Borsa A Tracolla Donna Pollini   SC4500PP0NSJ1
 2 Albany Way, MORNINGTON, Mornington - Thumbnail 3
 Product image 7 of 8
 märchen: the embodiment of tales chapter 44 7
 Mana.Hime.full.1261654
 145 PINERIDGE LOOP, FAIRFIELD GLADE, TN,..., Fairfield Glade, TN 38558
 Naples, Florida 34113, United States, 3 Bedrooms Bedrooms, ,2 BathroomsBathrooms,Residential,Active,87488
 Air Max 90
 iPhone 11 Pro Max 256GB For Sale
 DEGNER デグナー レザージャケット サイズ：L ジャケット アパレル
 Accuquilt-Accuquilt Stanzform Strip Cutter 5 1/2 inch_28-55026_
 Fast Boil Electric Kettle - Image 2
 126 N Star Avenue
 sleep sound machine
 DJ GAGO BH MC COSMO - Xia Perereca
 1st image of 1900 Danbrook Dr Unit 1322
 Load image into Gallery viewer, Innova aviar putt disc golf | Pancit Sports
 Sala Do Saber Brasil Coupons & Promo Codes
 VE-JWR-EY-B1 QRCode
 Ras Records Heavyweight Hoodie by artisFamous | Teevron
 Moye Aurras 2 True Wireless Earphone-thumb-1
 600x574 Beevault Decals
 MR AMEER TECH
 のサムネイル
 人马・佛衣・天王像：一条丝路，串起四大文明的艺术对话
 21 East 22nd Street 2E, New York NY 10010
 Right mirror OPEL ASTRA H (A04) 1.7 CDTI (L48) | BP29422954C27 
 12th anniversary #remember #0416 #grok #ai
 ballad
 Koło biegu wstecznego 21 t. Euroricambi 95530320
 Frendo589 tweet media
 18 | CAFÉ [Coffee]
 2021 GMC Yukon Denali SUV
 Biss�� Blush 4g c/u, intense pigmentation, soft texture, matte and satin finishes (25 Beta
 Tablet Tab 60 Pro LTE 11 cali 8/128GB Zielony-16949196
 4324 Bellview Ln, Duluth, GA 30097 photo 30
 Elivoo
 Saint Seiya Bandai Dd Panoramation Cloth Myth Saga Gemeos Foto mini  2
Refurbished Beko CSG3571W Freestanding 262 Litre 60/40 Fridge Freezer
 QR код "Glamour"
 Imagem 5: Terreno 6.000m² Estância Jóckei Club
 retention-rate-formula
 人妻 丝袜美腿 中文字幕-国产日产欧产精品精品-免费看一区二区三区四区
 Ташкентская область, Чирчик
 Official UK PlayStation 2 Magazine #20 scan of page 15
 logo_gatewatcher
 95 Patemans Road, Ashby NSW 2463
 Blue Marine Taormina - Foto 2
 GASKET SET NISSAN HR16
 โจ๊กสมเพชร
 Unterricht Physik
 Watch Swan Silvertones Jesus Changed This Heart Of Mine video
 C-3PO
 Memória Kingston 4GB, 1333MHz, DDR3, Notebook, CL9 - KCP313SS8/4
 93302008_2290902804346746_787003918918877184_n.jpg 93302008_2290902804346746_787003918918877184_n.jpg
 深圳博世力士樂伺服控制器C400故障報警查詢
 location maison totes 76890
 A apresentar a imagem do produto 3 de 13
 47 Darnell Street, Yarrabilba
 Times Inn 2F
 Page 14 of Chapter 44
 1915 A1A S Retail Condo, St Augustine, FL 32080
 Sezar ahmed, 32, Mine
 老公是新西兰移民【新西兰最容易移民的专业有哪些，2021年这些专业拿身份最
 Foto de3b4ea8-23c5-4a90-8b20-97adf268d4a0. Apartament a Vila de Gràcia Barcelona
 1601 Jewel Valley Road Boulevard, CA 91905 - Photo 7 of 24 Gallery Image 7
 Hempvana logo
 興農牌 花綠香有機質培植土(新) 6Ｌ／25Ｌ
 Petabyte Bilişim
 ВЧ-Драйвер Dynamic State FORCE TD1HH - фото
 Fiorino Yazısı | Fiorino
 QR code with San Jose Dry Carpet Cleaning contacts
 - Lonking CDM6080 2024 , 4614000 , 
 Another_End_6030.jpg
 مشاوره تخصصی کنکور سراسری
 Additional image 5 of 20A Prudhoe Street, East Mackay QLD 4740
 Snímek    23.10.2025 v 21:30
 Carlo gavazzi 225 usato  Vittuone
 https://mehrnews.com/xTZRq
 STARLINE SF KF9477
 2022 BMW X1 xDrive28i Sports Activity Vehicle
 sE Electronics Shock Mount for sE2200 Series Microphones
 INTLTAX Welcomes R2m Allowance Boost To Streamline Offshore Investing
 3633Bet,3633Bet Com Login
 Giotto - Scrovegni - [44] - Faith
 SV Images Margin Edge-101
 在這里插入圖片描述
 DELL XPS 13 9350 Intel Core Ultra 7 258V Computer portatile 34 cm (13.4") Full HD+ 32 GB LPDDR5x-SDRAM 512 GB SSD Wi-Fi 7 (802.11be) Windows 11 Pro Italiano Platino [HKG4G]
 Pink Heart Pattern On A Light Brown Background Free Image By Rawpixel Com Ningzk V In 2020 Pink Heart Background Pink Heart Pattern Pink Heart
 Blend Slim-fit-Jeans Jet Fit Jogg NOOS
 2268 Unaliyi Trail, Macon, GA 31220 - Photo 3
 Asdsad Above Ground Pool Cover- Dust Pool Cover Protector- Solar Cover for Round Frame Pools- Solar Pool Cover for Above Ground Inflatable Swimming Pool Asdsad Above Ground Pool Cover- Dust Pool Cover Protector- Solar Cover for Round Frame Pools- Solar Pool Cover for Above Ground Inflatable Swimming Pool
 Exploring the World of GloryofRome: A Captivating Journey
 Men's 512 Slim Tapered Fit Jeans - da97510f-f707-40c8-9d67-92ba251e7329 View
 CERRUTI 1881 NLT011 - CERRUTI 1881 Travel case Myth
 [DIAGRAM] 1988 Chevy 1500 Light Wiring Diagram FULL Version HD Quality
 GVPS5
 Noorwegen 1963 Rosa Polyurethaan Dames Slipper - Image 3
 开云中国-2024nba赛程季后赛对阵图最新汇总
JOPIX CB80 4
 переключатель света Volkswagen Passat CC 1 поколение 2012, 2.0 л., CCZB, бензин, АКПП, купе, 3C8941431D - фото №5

* PROBLEM DETAILS:
In this exercise, copy only the lines from the opening line of the material through the line where "145 PINERIDGE LOOP, FAIRFIELD" appears.

* SOLUTION TO THIS TASK:
Borsa A Tracolla Donna Pollini   SC4500PP0NSJ1
 2 Albany Way, MORNINGTON, Mornington - Thumbnail 3
 Product image 7 of 8
 märchen: the embodiment of tales chapter 44 7
 Mana.Hime.full.1261654
 145 PINERIDGE LOOP, FAIRFIELD GLADE, TN,..., Fairfield Glade, TN 38558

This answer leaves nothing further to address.